Work to be completed =>
Omit the images and reproduce the rest of the entries exactly.

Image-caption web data
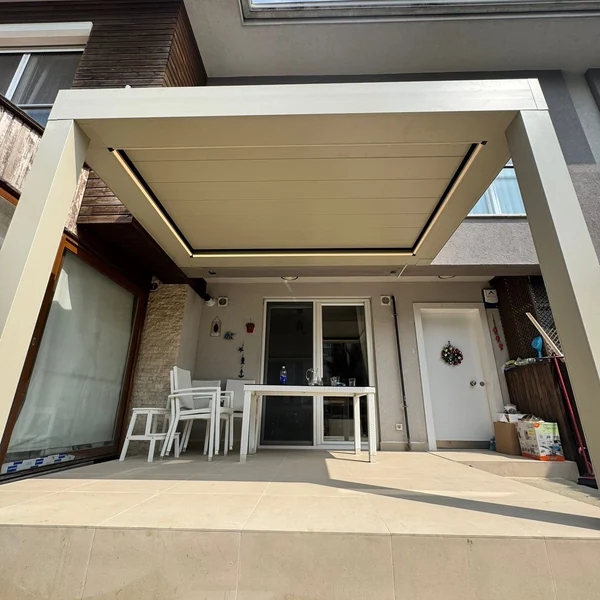 Esenevler Mah. çevresi için Bayraktar Tente'nin İstanbul'da uyguladığı pergola tente örneği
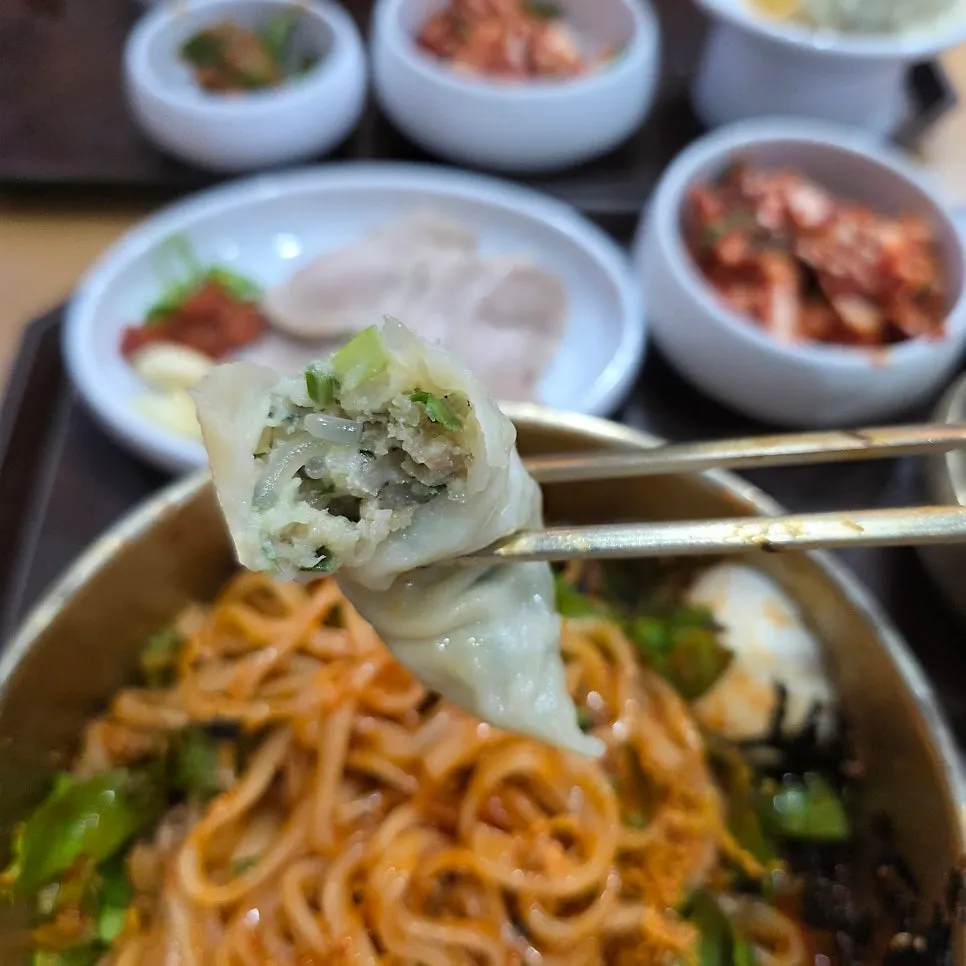 세트로 나온 고기만두 접시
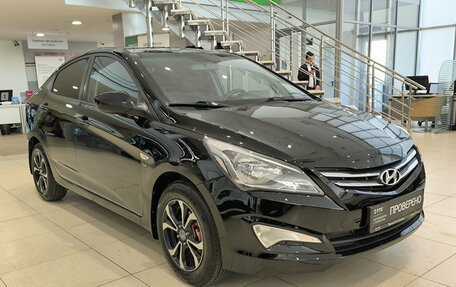 Hyundai Solaris II рестайлинг, 2015 год, 874 000 рублей, 3 фотография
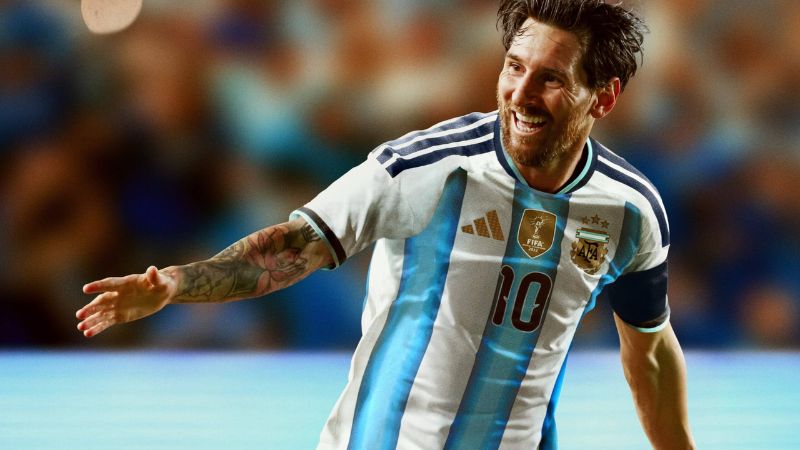 Áo sân nhà Argentina World Cup 2026 nổi bật với sọc xanh gradient và logo AFA thêu tinh xảo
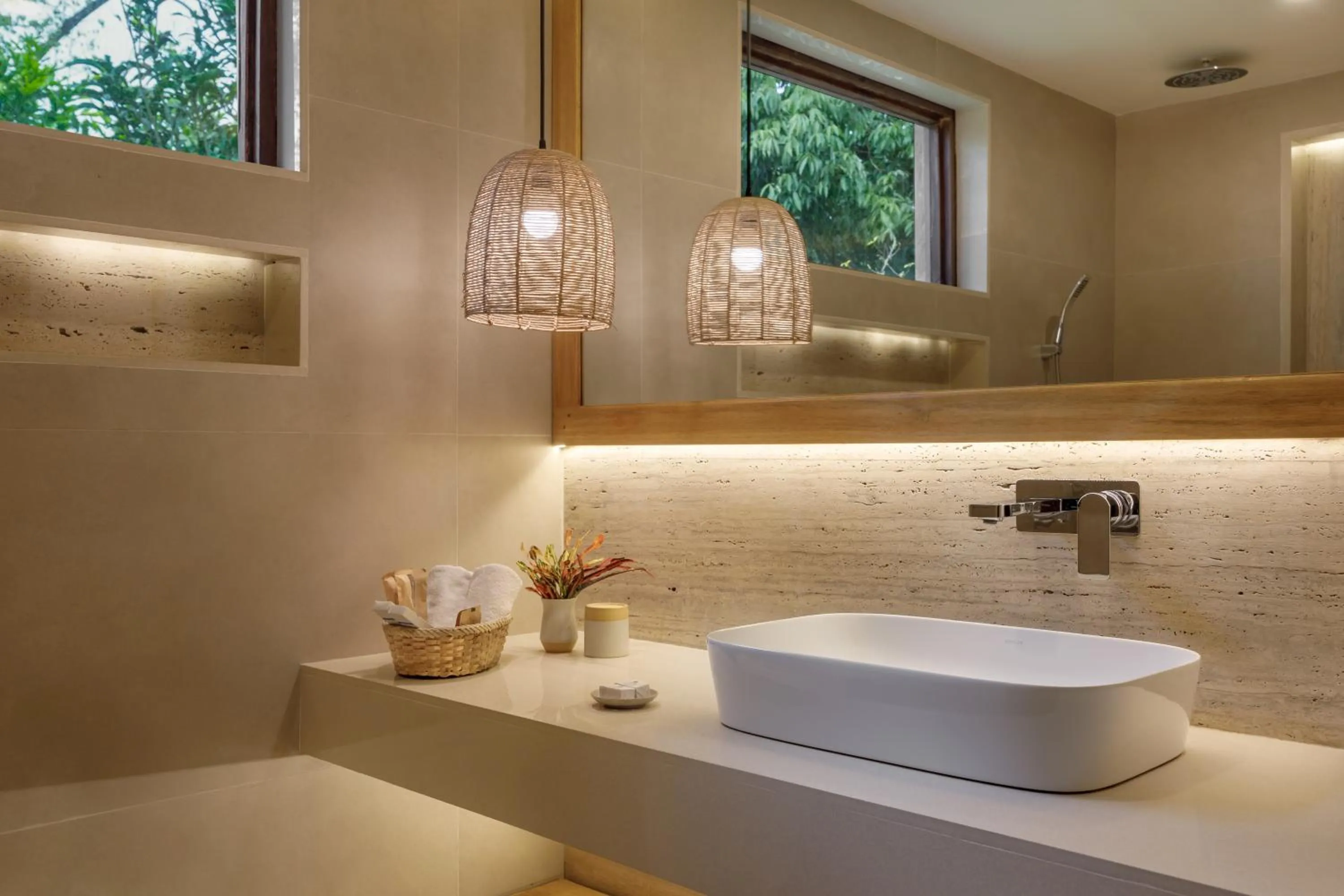 Bathroom in Green Mansions Jungle Resort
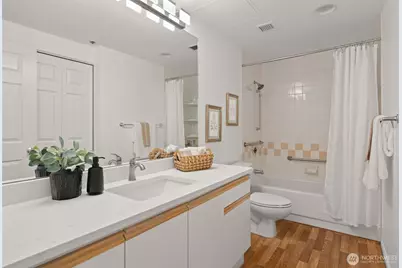 2600 2nd Avenue #302, Seattle, WA 98121 - Photo 19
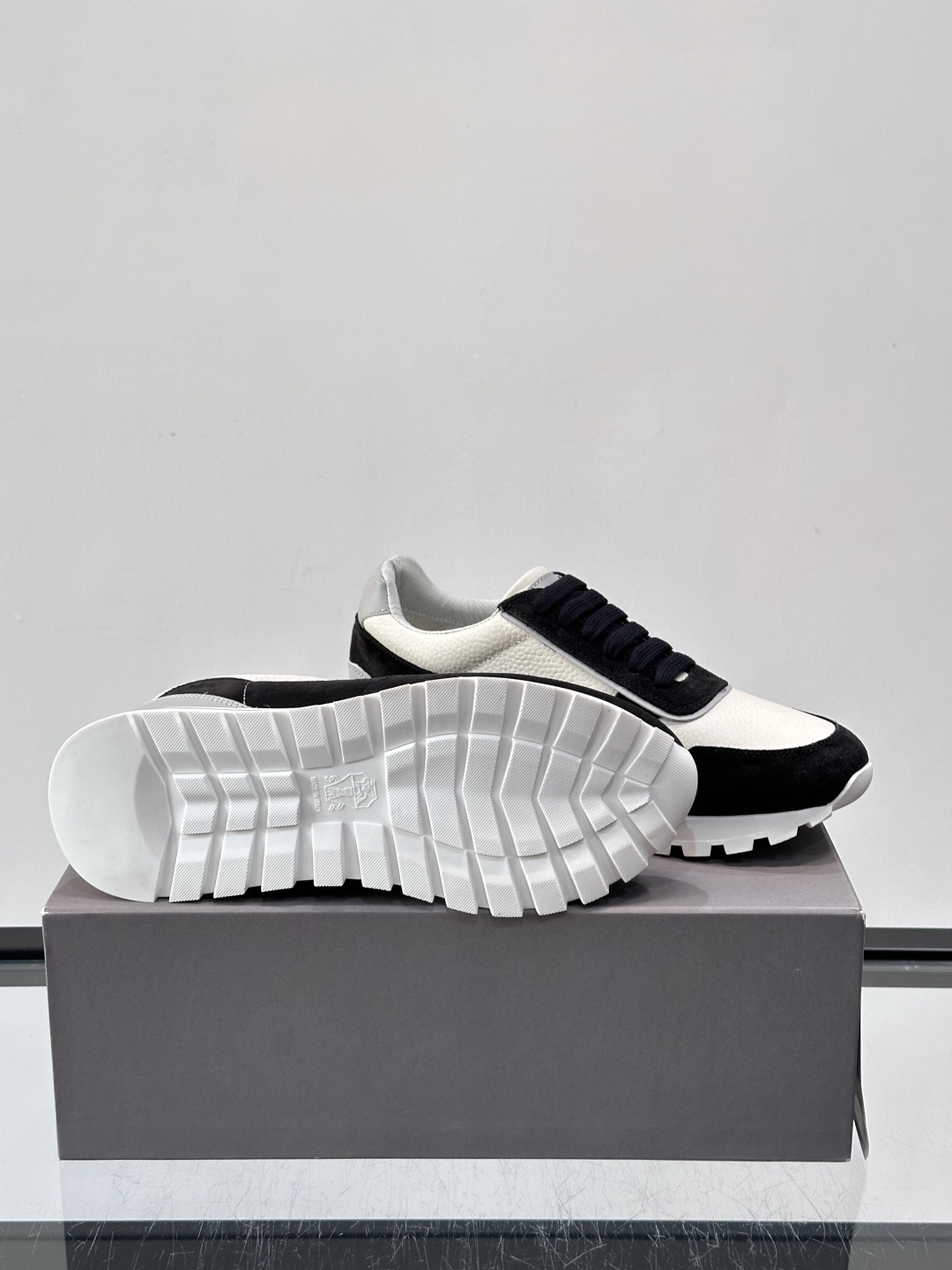 Brunello Cucinelli男士休闲运动鞋👟，采用粒面小牛皮＋水洗麂皮拼接，复古做旧质感超有氛围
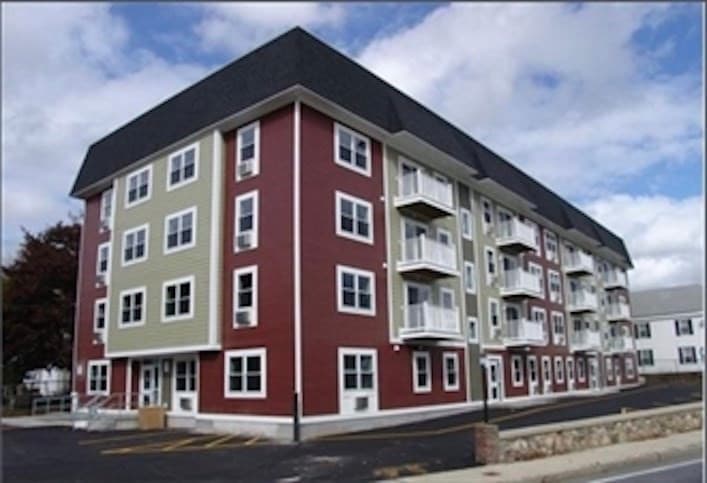 Condominium at 277 W Main St # 46, Marlborough MA 01752, Marlborough, photo 2 of 26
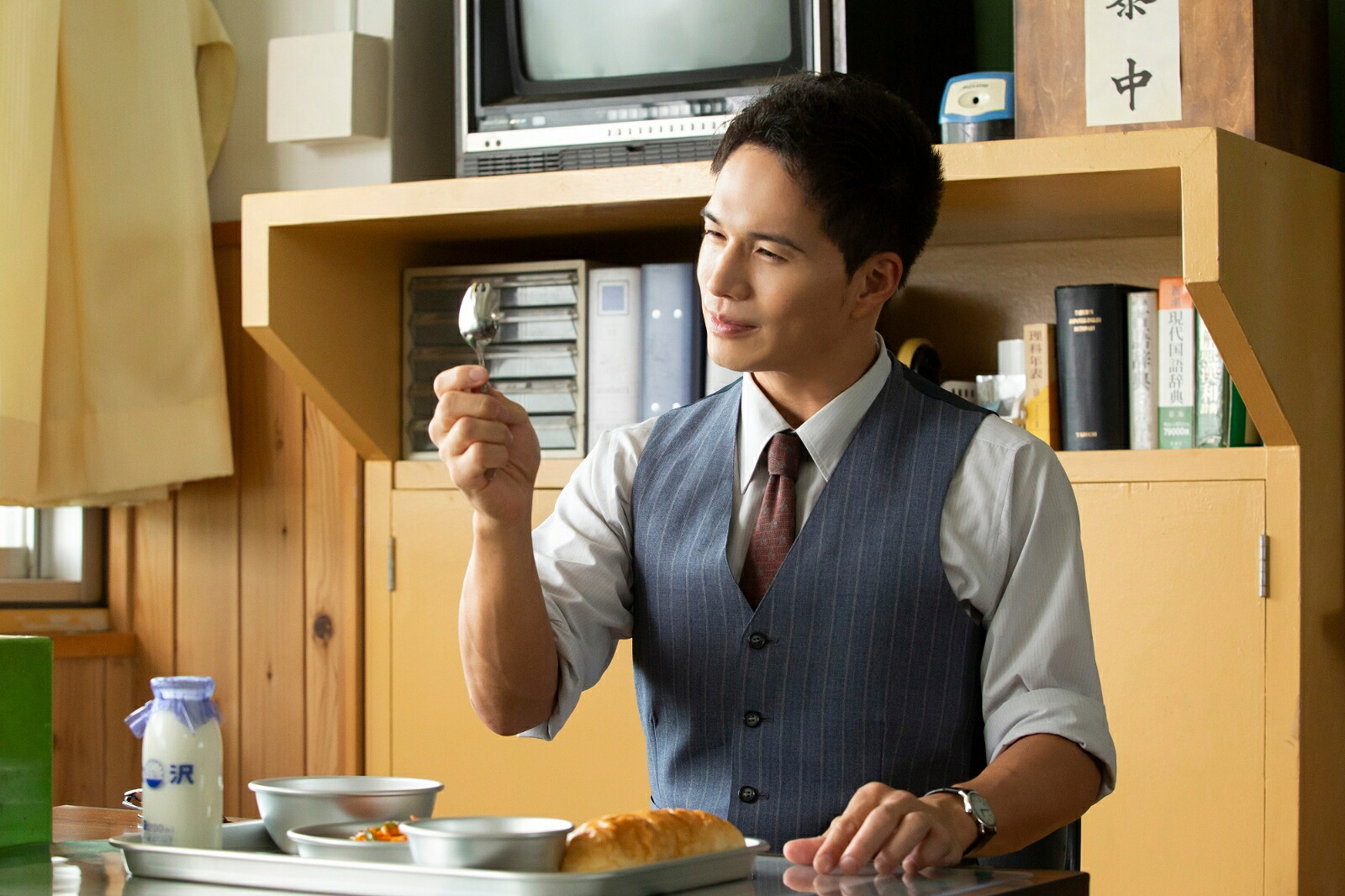 【楽天ブックス限定先着特典】劇場版おいしい給食卒業【Blu-ray】(ポストカード3枚セット)[市原隼人]
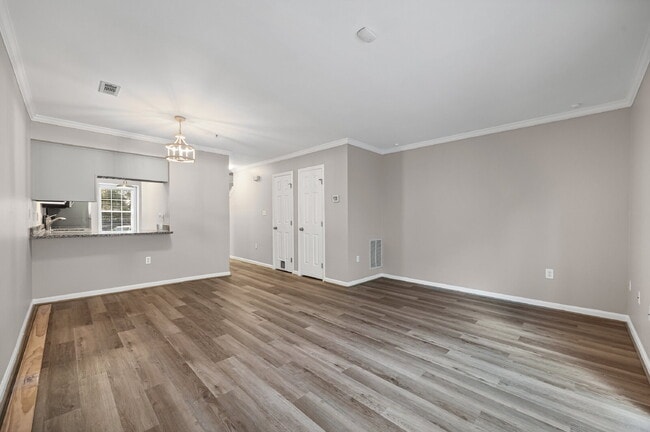 Building Photo - "Charming 2-Bed Townhome with Modern Comforts in Fort Mill – Your Cozy Retreat Awaits!"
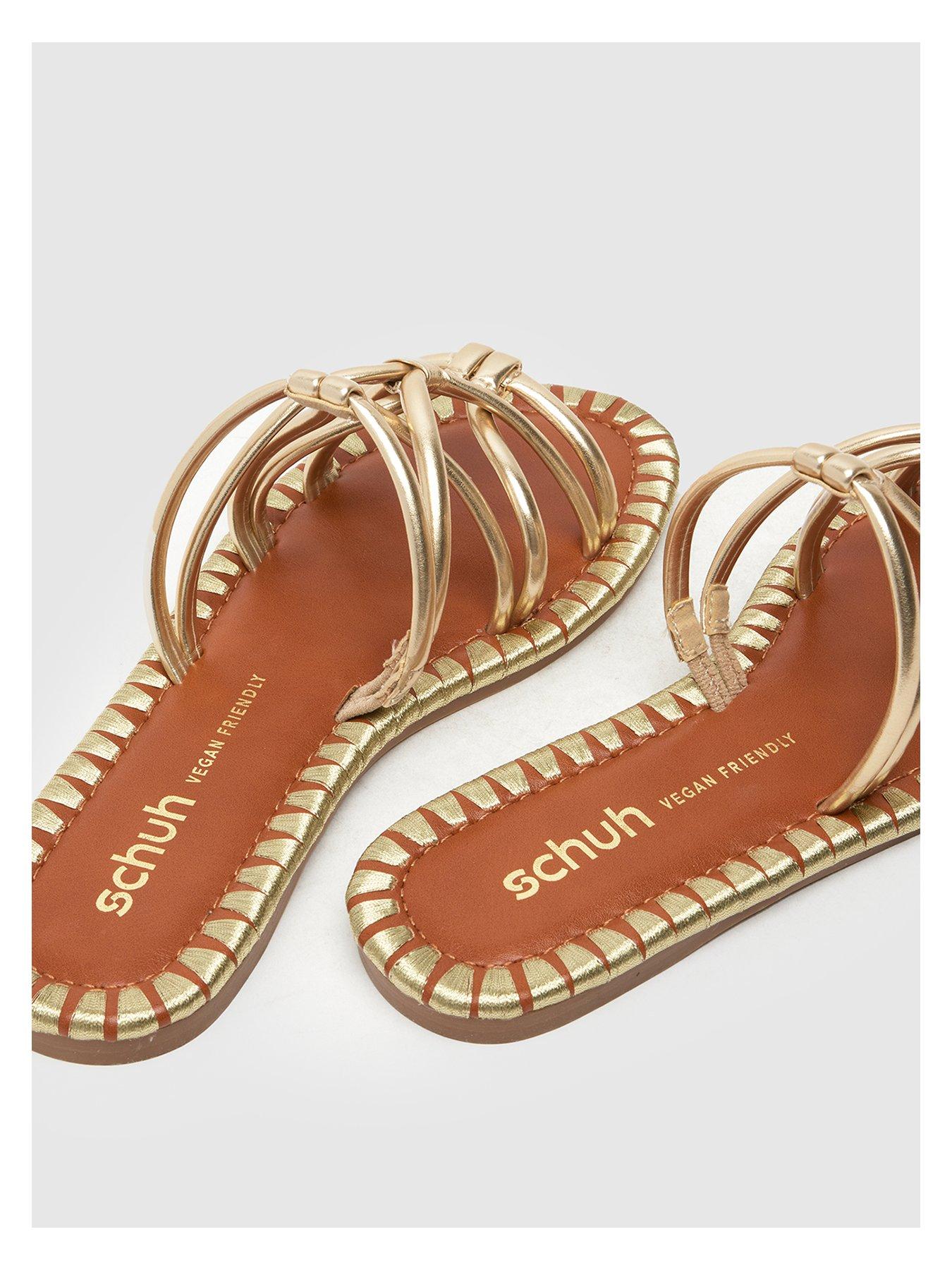 schuh-tevin-feature-rand-flat-sandals-goldoutfit
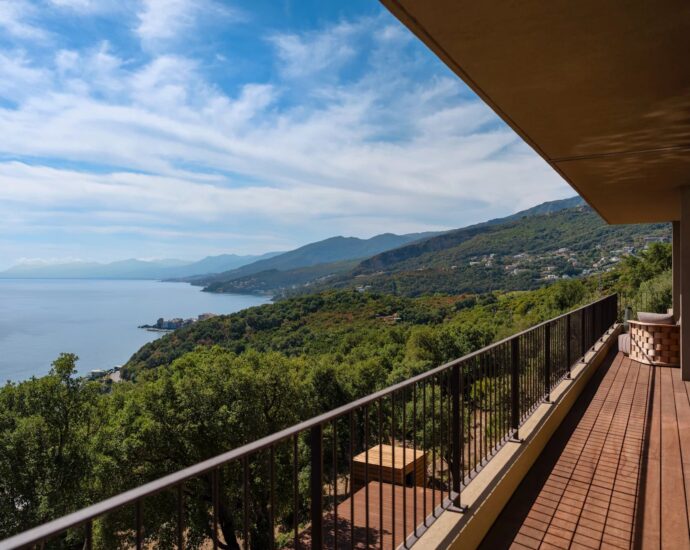 Erbalunga, Contemporary Villa, Panoramic Sea Views, 3 Bedrooms, Study, Pool, Near the Beach and Bastia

Solution for this exercise =>
 Esenevler Mah. çevresi için Bayraktar Tente'nin İstanbul'da uyguladığı pergola tente örneği
 세트로 나온 고기만두 접시
 Hyundai Solaris II рестайлинг, 2015 год, 874 000 рублей, 3 фотография
 Áo sân nhà Argentina World Cup 2026 nổi bật với sọc xanh gradient và logo AFA thêu tinh xảo
 Bathroom in Green Mansions Jungle Resort
 2600 2nd Avenue #302, Seattle, WA 98121 - Photo 19
 Brunello Cucinelli男士休闲运动鞋👟，采用粒面小牛皮＋水洗麂皮拼接，复古做旧质感超有氛围
 Condominium at 277 W Main St # 46, Marlborough MA 01752, Marlborough, photo 2 of 26
 【楽天ブックス限定先着特典】劇場版おいしい給食卒業【Blu-ray】(ポストカード3枚セット)[市原隼人]
 Building Photo - "Charming 2-Bed Townhome with Modern Comforts in Fort Mill – Your Cozy Retreat Awaits!"
 schuh-tevin-feature-rand-flat-sandals-goldoutfit
 Erbalunga, Contemporary Villa, Panoramic Sea Views, 3 Bedrooms, Study, Pool, Near the Beach and Bastia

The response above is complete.